### Recorded information ###

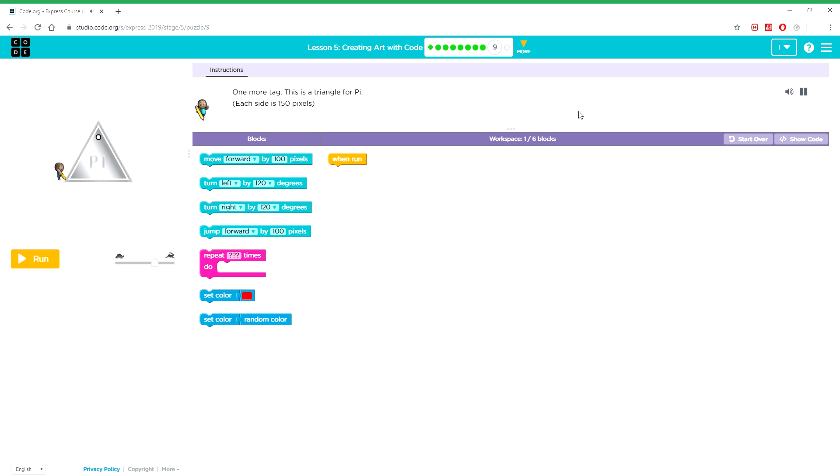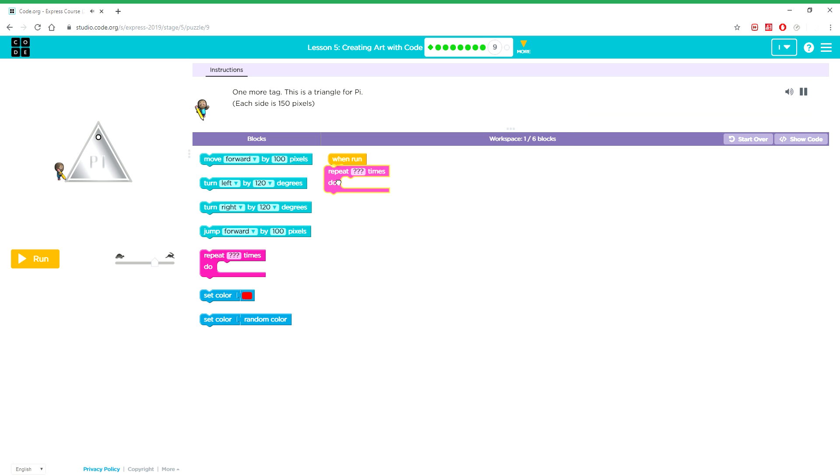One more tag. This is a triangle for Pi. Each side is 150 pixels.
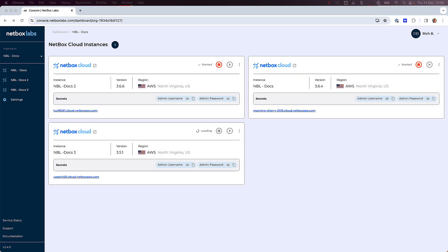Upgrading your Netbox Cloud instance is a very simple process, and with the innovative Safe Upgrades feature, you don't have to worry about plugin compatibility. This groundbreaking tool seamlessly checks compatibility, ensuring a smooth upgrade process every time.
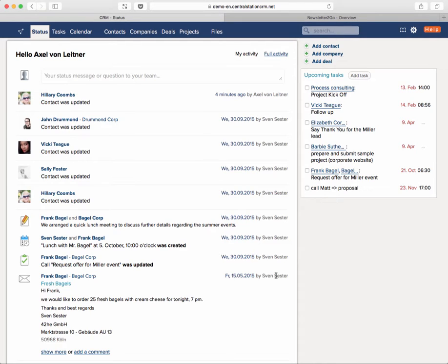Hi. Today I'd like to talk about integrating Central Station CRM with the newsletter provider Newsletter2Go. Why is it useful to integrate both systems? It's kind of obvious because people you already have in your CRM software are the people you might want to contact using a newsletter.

###

» Exercise description:
Copy all of the listing word for word, minus the images.

» Answer area:
One more tag. This is a triangle for Pi. Each side is 150 pixels.
Upgrading your Netbox Cloud instance is a very simple process, and with the innovative Safe Upgrades feature, you don't have to worry about plugin compatibility. This groundbreaking tool seamlessly checks compatibility, ensuring a smooth upgrade process every time.
Hi. Today I'd like to talk about integrating Central Station CRM with the newsletter provider Newsletter2Go. Why is it useful to integrate both systems? It's kind of obvious because people you already have in your CRM software are the people you might want to contact using a newsletter.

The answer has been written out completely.